*** Records provided ***
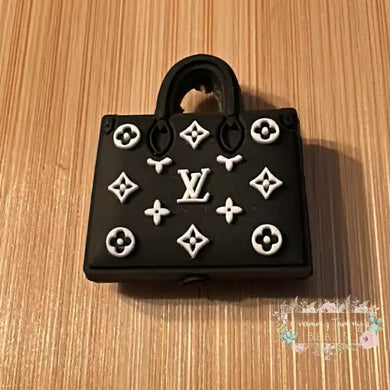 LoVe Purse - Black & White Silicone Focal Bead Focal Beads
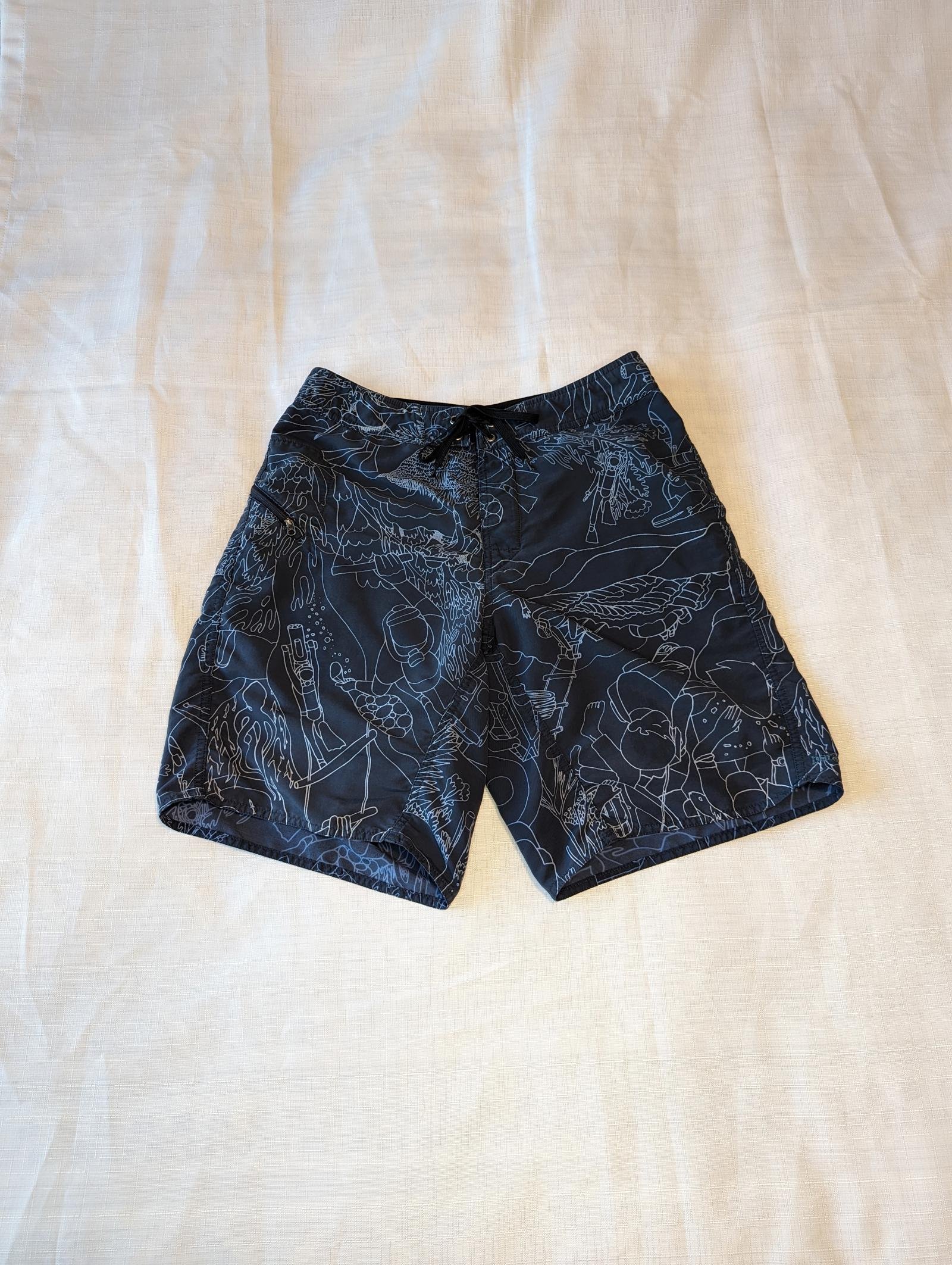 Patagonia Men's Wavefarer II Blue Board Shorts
*** End of Records provided ***
*** Records provided ***
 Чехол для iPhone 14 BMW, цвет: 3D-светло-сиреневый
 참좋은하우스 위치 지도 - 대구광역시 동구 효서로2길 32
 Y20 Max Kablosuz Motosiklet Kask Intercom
*** End of Records provided ***
- Your assignment:
Write out exactly the lines that fall from the line with "참좋은하우스 위치 지도 - 대구광역시 동구 효서로2길 32" to the line with "Y20 Max Kablosuz Motosiklet Kask Intercom" in the records above, keeping both ends.

- Your response:
 참좋은하우스 위치 지도 - 대구광역시 동구 효서로2길 32
 Y20 Max Kablosuz Motosiklet Kask Intercom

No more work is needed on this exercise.